# Task brief:
Exactly as given, transcribe each entry that follows.

# Records for the exercise:

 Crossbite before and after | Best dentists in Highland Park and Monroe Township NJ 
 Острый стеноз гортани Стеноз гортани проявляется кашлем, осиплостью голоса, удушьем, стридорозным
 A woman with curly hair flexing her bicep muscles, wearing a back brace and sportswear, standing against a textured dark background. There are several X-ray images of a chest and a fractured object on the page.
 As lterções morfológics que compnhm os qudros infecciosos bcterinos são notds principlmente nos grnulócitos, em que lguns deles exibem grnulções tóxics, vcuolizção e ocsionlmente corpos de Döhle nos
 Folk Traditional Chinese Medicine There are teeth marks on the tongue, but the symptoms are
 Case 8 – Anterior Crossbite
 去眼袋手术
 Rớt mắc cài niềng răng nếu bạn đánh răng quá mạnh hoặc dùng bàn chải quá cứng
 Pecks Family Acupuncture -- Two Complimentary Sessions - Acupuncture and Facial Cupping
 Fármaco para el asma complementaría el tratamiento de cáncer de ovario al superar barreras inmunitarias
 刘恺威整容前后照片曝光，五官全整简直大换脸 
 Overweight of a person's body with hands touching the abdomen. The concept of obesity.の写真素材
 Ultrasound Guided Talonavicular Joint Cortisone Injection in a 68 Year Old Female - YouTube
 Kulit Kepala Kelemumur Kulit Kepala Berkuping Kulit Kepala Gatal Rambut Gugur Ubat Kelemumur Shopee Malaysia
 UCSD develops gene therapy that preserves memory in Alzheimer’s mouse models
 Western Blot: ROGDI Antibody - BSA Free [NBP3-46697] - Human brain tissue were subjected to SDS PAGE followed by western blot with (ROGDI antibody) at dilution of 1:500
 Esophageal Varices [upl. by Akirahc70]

# Written reply:
 Crossbite before and after | Best dentists in Highland Park and Monroe Township NJ 
 Острый стеноз гортани Стеноз гортани проявляется кашлем, осиплостью голоса, удушьем, стридорозным
 A woman with curly hair flexing her bicep muscles, wearing a back brace and sportswear, standing against a textured dark background. There are several X-ray images of a chest and a fractured object on the page.
 As lterções morfológics que compnhm os qudros infecciosos bcterinos são notds principlmente nos grnulócitos, em que lguns deles exibem grnulções tóxics, vcuolizção e ocsionlmente corpos de Döhle nos
 Folk Traditional Chinese Medicine There are teeth marks on the tongue, but the symptoms are
 Case 8 – Anterior Crossbite
 去眼袋手术
 Rớt mắc cài niềng răng nếu bạn đánh răng quá mạnh hoặc dùng bàn chải quá cứng
 Pecks Family Acupuncture -- Two Complimentary Sessions - Acupuncture and Facial Cupping
 Fármaco para el asma complementaría el tratamiento de cáncer de ovario al superar barreras inmunitarias
 刘恺威整容前后照片曝光，五官全整简直大换脸 
 Overweight of a person's body with hands touching the abdomen. The concept of obesity.の写真素材
 Ultrasound Guided Talonavicular Joint Cortisone Injection in a 68 Year Old Female - YouTube
 Kulit Kepala Kelemumur Kulit Kepala Berkuping Kulit Kepala Gatal Rambut Gugur Ubat Kelemumur Shopee Malaysia
 UCSD develops gene therapy that preserves memory in Alzheimer’s mouse models
 Western Blot: ROGDI Antibody - BSA Free [NBP3-46697] - Human brain tissue were subjected to SDS PAGE followed by western blot with (ROGDI antibody) at dilution of 1:500
 Esophageal Varices [upl. by Akirahc70]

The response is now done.